• _EXERCISE DESCRIPTION_
No pictures belong in the answer. Repeat all the entries exactly.

Web page caption snippets:

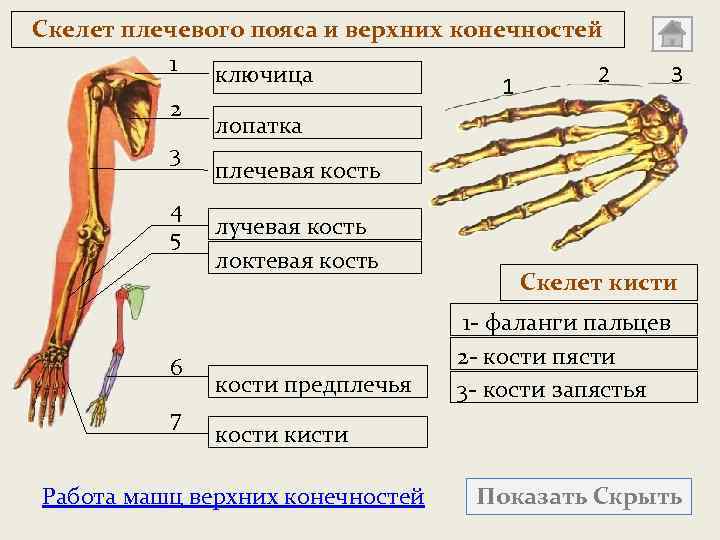 Скелет плечевого пояса и верхних конечностей 1 ключица 2 1 2 лопатка 3 плечевая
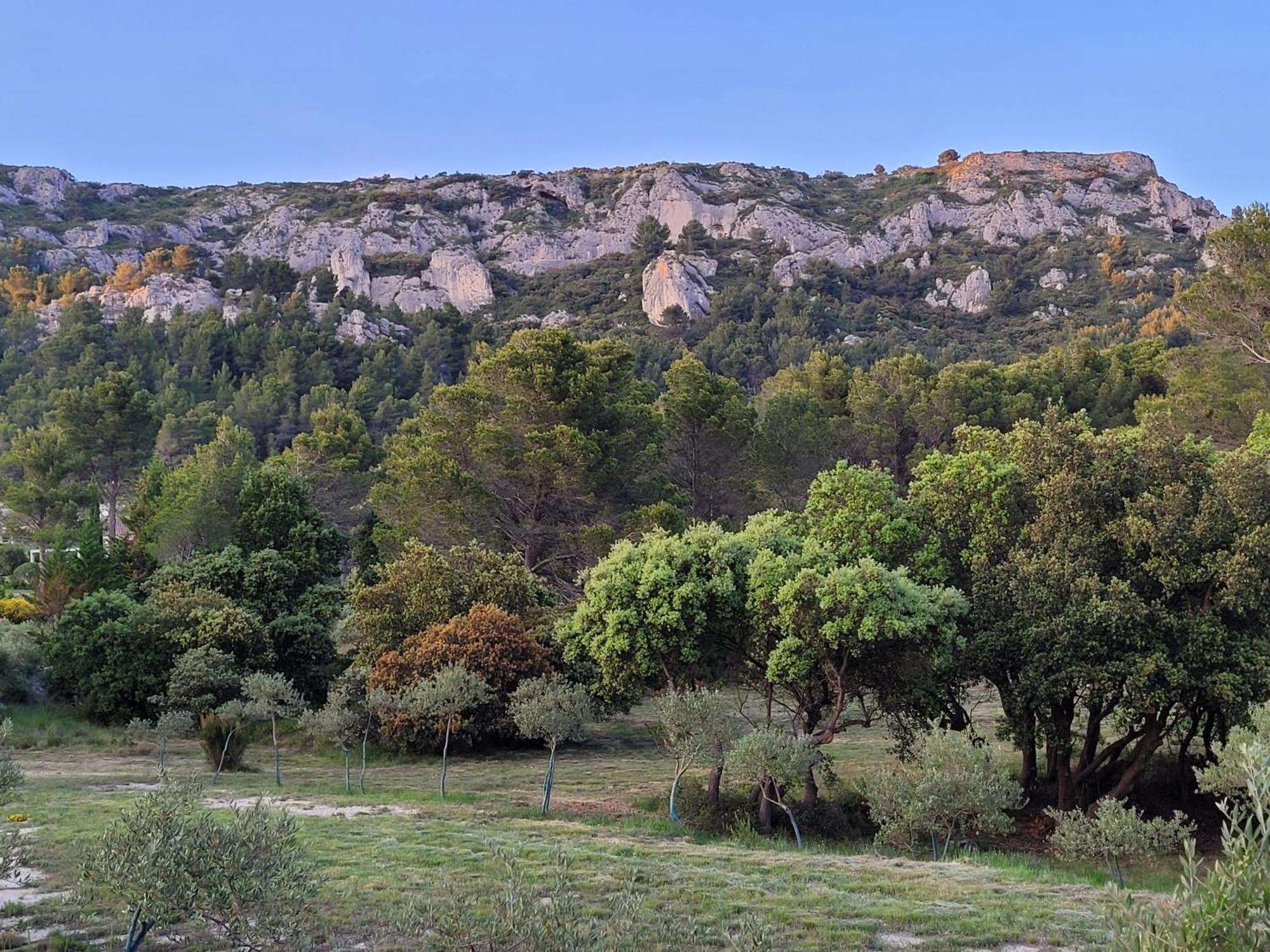 Chrysalide Du Luberon Cheval-Blanc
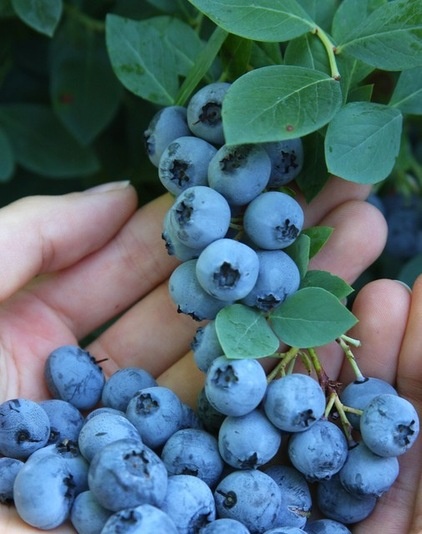 Summer Crop: How to Grow Blueberries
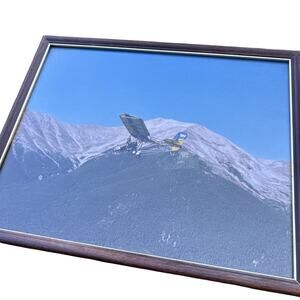 Vintage 70's 80's Mountains Aviation Plane Framed Cabin Decor Snow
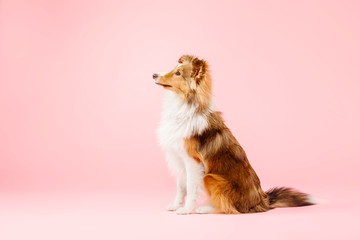 Fototapeta na wymiar Shetland Sheepdog dog in the photo studio on pink background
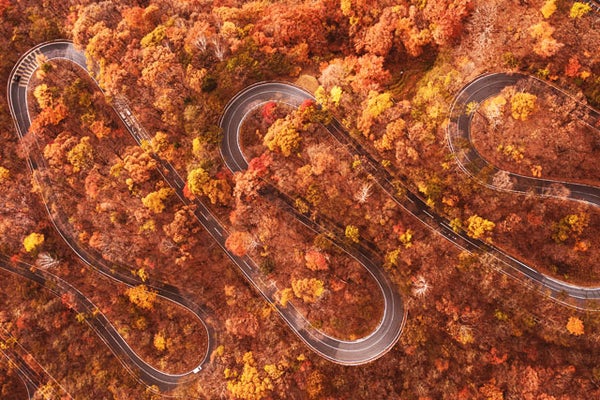 ★11/16(日)催行決定★【新宿/東京発】秋色鮮やかに染まる日光へ! <日光東照宮の拝観料込みだから安心♪>専門ガイドとまわる世界遺産「日光東照宮」&日本三名瀑「華厳の滝」、日光いろは坂・中禅寺湖めぐる 日帰りバスツアー1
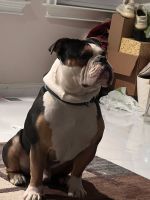 Old English Bulldog Puppies for sale in Norwood, MA, USA. price: $1,500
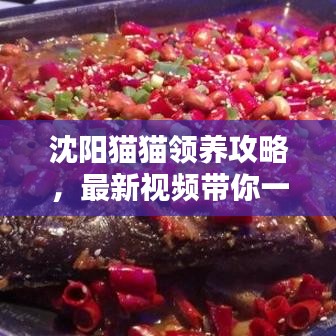 沈阳猫猫领养攻略，最新视频带你一站式了解领养全过程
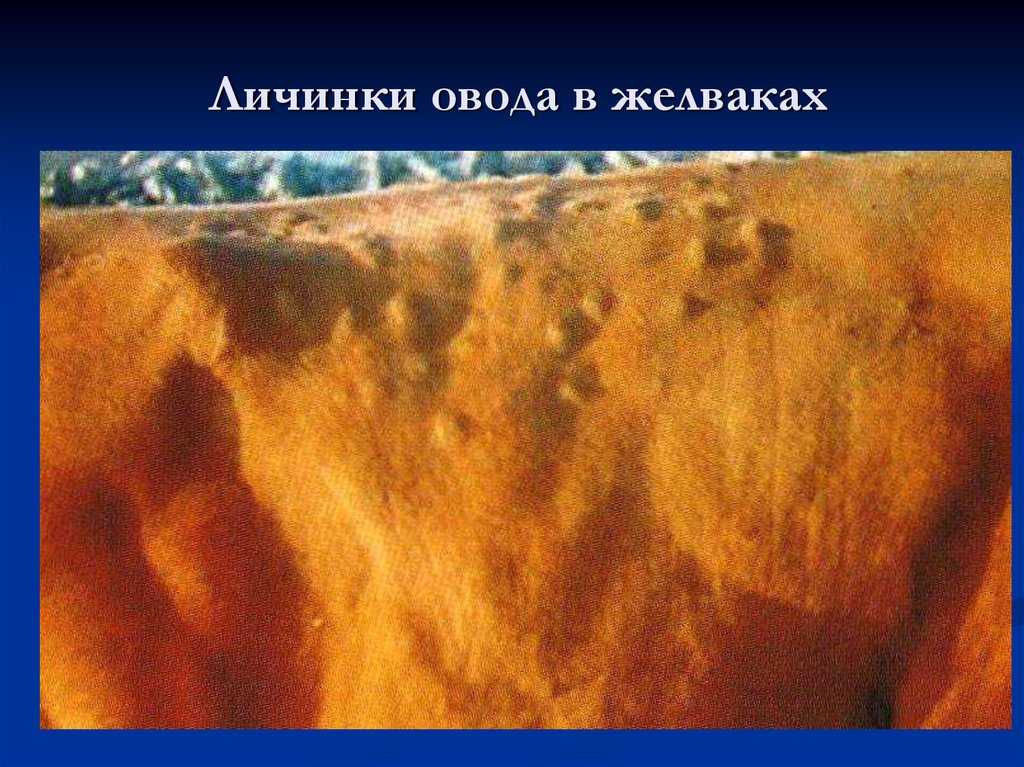 Что отпугивает оводов и слепней: средства избавления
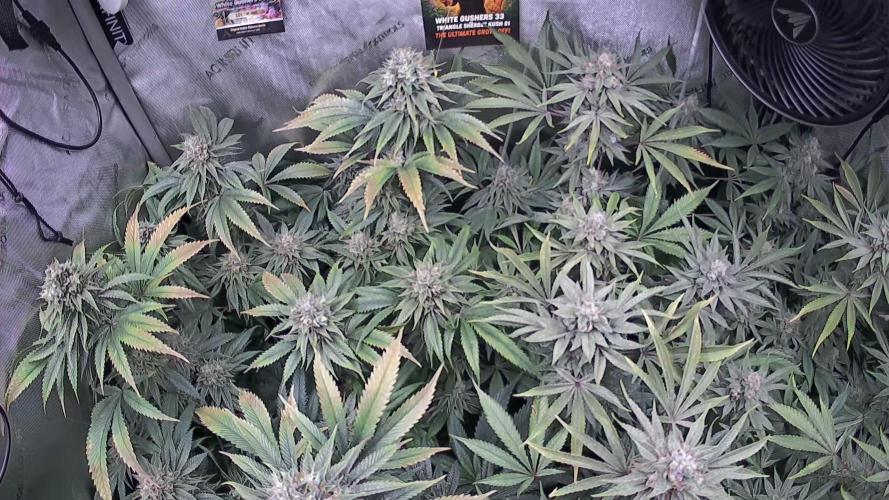 Rocko's Dutch Passion Double Run. Week 18 - Growcam 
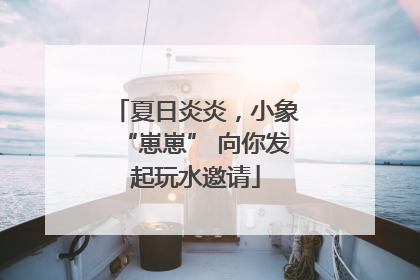 夏日炎炎，小象“崽崽” 向你发起玩水邀请
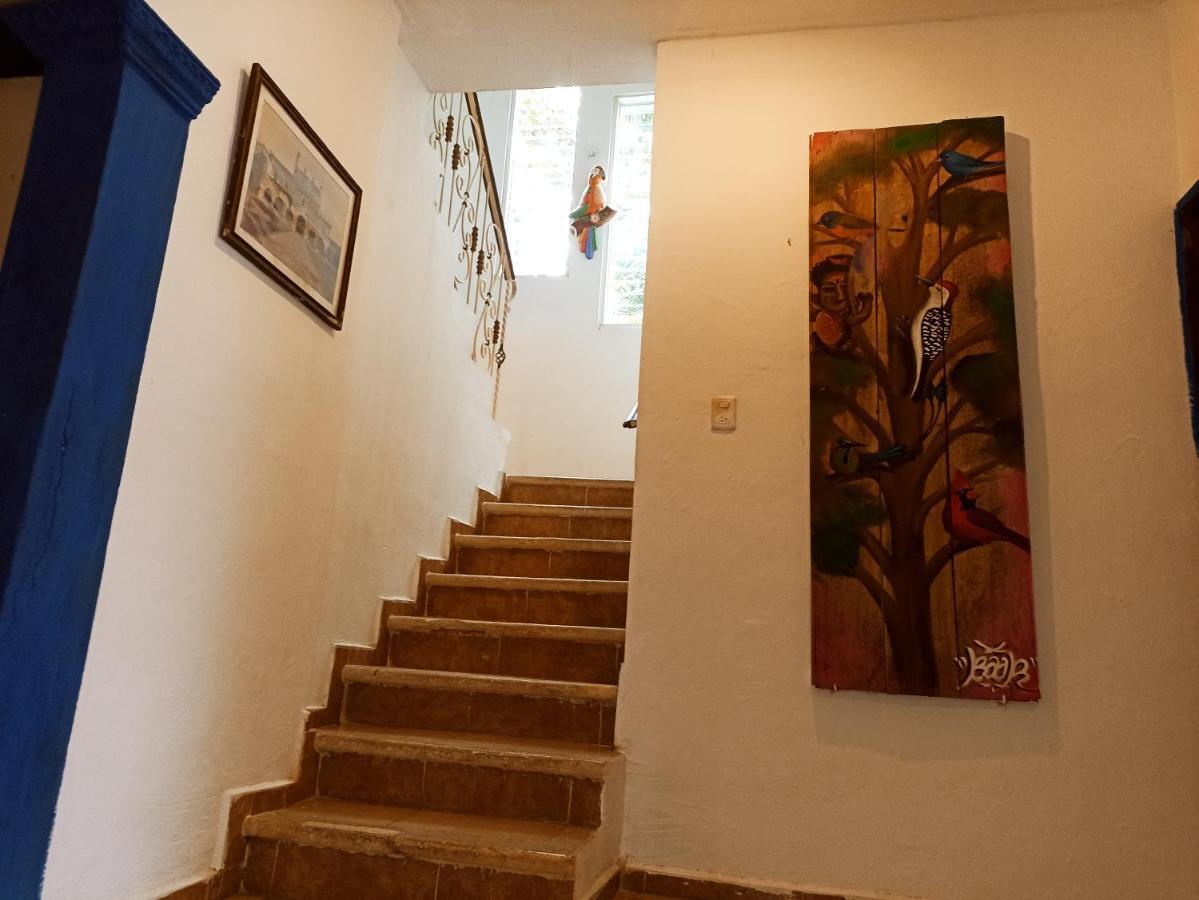 Casa De Los Pajaros - B&B Valladolid  Eksteriør bilde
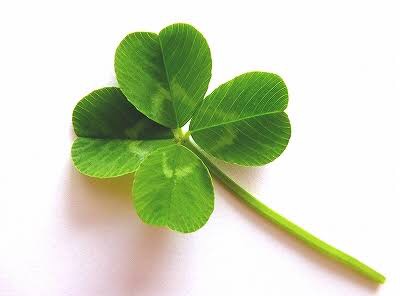 【感想・実況】金曜プレミアム・芸能界特技王決定戦TEPPEN 2016秋の陣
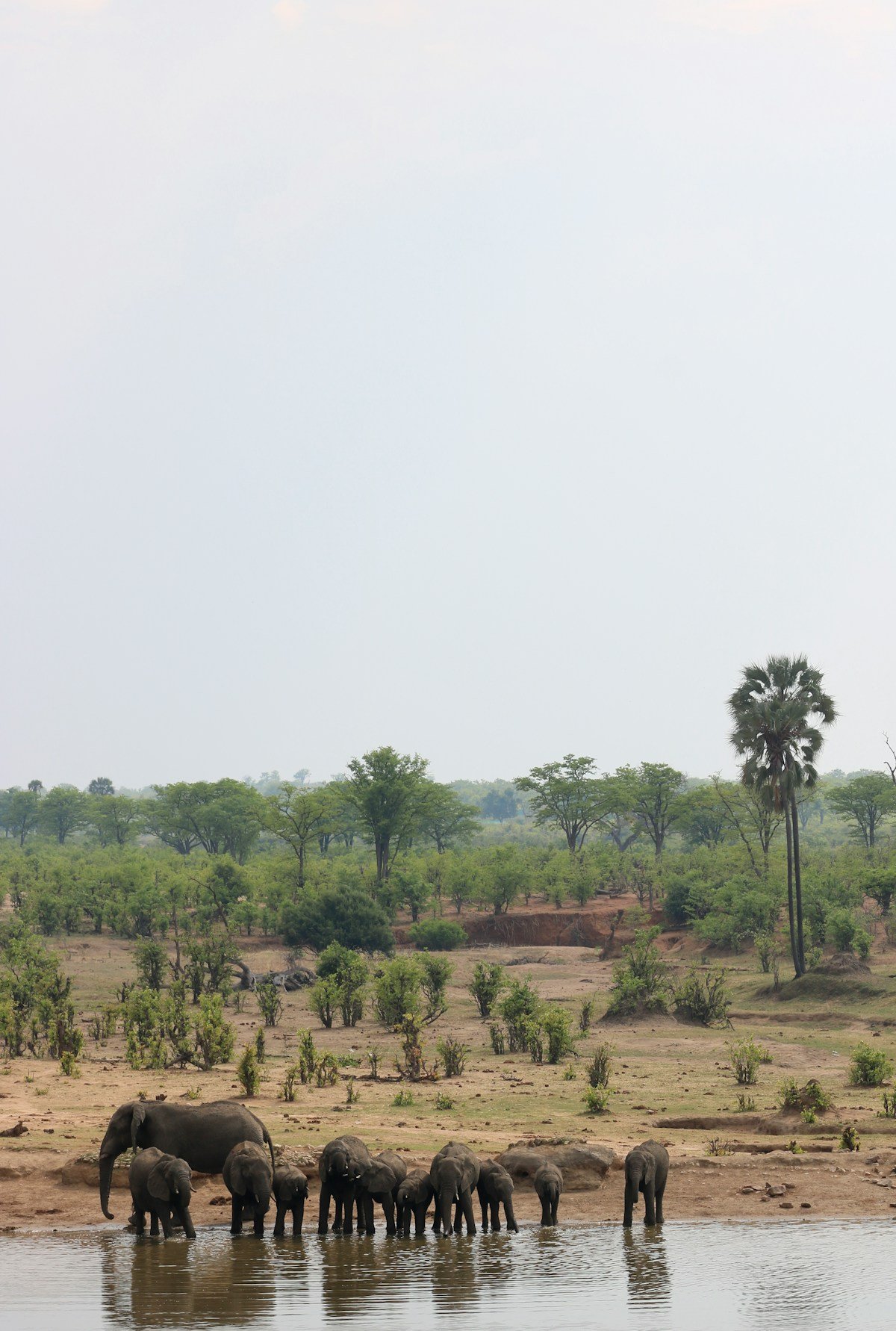 A herd of elephants drinking at a river in Hwange National Park, Zimbabwe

• _COMPLETED TASK_
 Скелет плечевого пояса и верхних конечностей 1 ключица 2 1 2 лопатка 3 плечевая
 Chrysalide Du Luberon Cheval-Blanc
 Summer Crop: How to Grow Blueberries
 Vintage 70's 80's Mountains Aviation Plane Framed Cabin Decor Snow
 Fototapeta na wymiar Shetland Sheepdog dog in the photo studio on pink background
 ★11/16(日)催行決定★【新宿/東京発】秋色鮮やかに染まる日光へ! <日光東照宮の拝観料込みだから安心♪>専門ガイドとまわる世界遺産「日光東照宮」&日本三名瀑「華厳の滝」、日光いろは坂・中禅寺湖めぐる 日帰りバスツアー1
 Old English Bulldog Puppies for sale in Norwood, MA, USA. price: $1,500
 沈阳猫猫领养攻略，最新视频带你一站式了解领养全过程
 Что отпугивает оводов и слепней: средства избавления
 Rocko's Dutch Passion Double Run. Week 18 - Growcam 
 夏日炎炎，小象“崽崽” 向你发起玩水邀请
 Casa De Los Pajaros - B&B Valladolid  Eksteriør bilde
 【感想・実況】金曜プレミアム・芸能界特技王決定戦TEPPEN 2016秋の陣
 A herd of elephants drinking at a river in Hwange National Park, Zimbabwe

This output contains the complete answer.